Though I agree that Rust's current design is the least problematic one available for a language where expensive string copies are considered a problem that should be solved optimally by the programmer rather than solved pretty-good-ly by a single heroic implementation.

2 Likes

To me changing str to something like StringSlice would be a big improvement. That way the difference between a string and a string slice would be obvious immediately if you have already learned the same for a vector and a slice. I get that this name is longer and that it would be hard to change (it could be done gradually by making str a type alias of StringSlice) but for me the difference was something I understood quite late in comparison to other things and I think the naming is the reason it isn’t intuitive. I always thought that the difference was more like the difference between a c_str (char array) and String in C++.

3 Likes

Sure. You just mentioned:

You could say goodbye to zero-cost read-only substring views if &str were removed. At that point, forming substrings would have to introduce either cloning or e.g. reference counting the parent string – neither of these options being zero cost. It's one of the chief reasons why &str exists in the first place.

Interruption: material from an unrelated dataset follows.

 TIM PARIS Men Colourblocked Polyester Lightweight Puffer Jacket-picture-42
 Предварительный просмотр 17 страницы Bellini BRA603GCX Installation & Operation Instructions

Then you are probably not using the idioms and the power of the language to their fullest extent. &String coerces into &str implicitly in many contexts, which is probably the most frequent conversion one has to perform. The other direction is also trivial, using into(), to_owned() or to_string(). It's not implicit because it's potentially costly/slow, so being able to see it is a feature, not a bug.

3 Likes

Ignoring the naming scheme (which cannot really be changed at this point, and i don’t even think is bad), i think its actually a learning benefit for beginners.

Rust is all about ownership, and strings are most likely the first more complex data type a beginner encounters. So its natural that they are confusing. But we have to explain ownership and borrowing anyway, and strings are not a bad example for that. If we made strings “easier” through special casing, we would have the same questions about other types plus the confusion why strings are handled differently than every other data type.

5 Likes

Maybe it should be explicitly pointed out that everything being said here about &str / “string slices” versus String is pretty much equally true of regular [T] slices and Vec<T>. There is no zero-cost abstraction that hides the distinction between the two, every existing language I know of either already has that distinction or committed to a non-zero abstraction cost, and the distinction is so fundamental it’s impossible to write good code in languages that make the distinction if you don’t understand it.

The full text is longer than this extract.